Friday, December 20, 2019

A 2019 recap (and a bit of an outlook)

The holiday season for 2019 will soon be upon us, so I decided to do a quick recap of what I consider the highlights for this year, from my perspective, regarding s390x virtualization, and the wider ecosystem.

Conferences

I attended the following conferences last year.

Linux Plumbers Conference

LPC 2019 was held in Lisbon, Portugal, on September 9-11. Of particular interest for me was the VFIO/IOMMU/PCI microconference. I talked a bit about cross-architecture considerations (and learned about some quirks on other architectures as well); the rest of the topics, while not currently concerning my work directly, were nevertheless helpful to move things forward. As usual on conferences, the hallway track is probably the most important one; met some new folks, saw others once again, and talked more about s390 I/O stuff than I anticipated. I can recommend this conference for meeting people to talk to about (not only) deeply technical things.

KVM Forum

KVM Forum 2019 was held in Lyon, France, on October 30 - November 1. As usual, a great place to meat people and have discussions in the hallway, e.g. about vfio migration. No talk from me this year, but an assortment of interesting topics presented by others; I contributed to an article on LWN.net (https://lwn.net/Articles/805097/). Of note from an s390x perspective were the talks about protected virtualization and nested testing mentioned in the article, and also the presentation on running kvm unit tests beyond KVM.
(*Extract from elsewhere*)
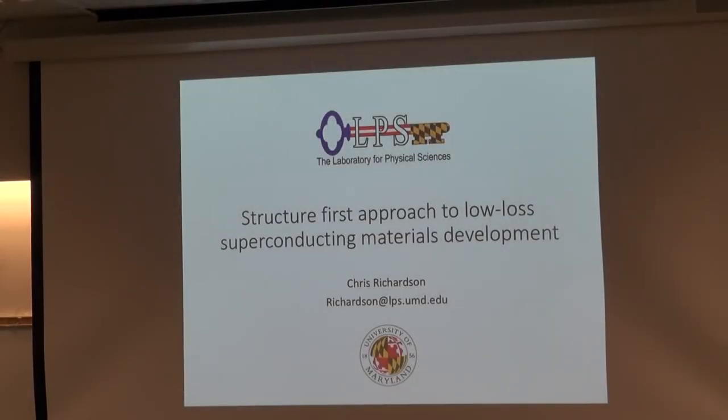Thanks, Ido. I'm happy to be here, and I'm happy to be talking about materials-focused research that we've been doing over next door at the Lab for Physical Sciences.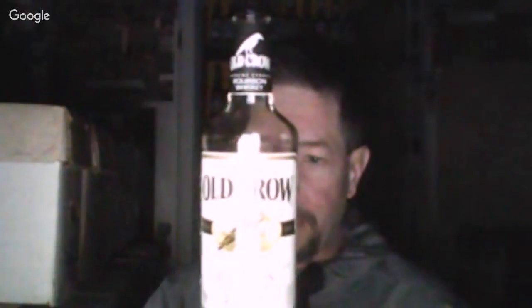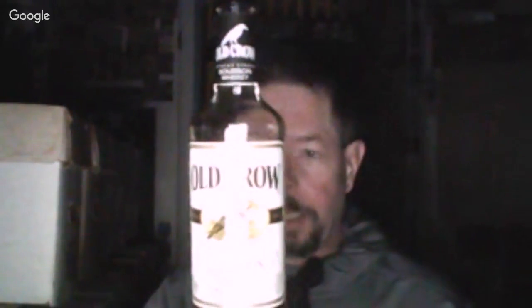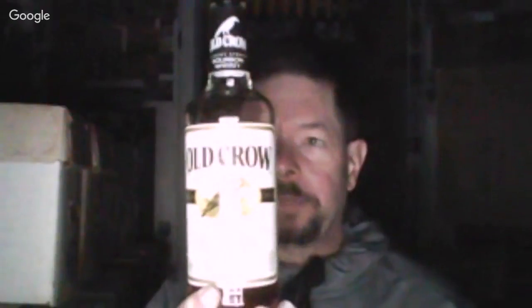We have Old Crow — Old Crow three-year aged, the original sour mash whiskey, started by Dr. James Crow in 1835, purchased by Jim Beam in 1987, now known as Beam Suntory because of the Japanese merger.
s390x changes in QEMU and elsewhere

There's a new machine (z15) on the horizon, but support for older things has been introduced or enhanced as well.

Emulation

Lots of work has gone into tcg to emulate the vector instructions introduced with z13. Distributions are slowly switching to compiling for z13, which means gcc is generating vector instructions. As of QEMU 4.2, you should be able to boot recent distributions under tcg once again.

vfio

vfio-ccw now has gained support for sending HALT SUBCHANNEL and CLEAR SUBCHANNEL to the real device; this is useful e.g. for error handling, when you want to make sure an operation is really terminated at the device. Also, it is now possible to boot from a DASD attached via vfio-ccw.

vfio-ap has seen some improvements as well, including support for hotplugging the matrix device and for interrupts.

Guest side

A big change on the guest side of things was support for protected virtualization (also see the talk given at KVM Forum). This is a bit like AMD's SEV, but (of course) different. Current Linux kernels should be ready to run as a protected guest; host side support is still in progress (see below).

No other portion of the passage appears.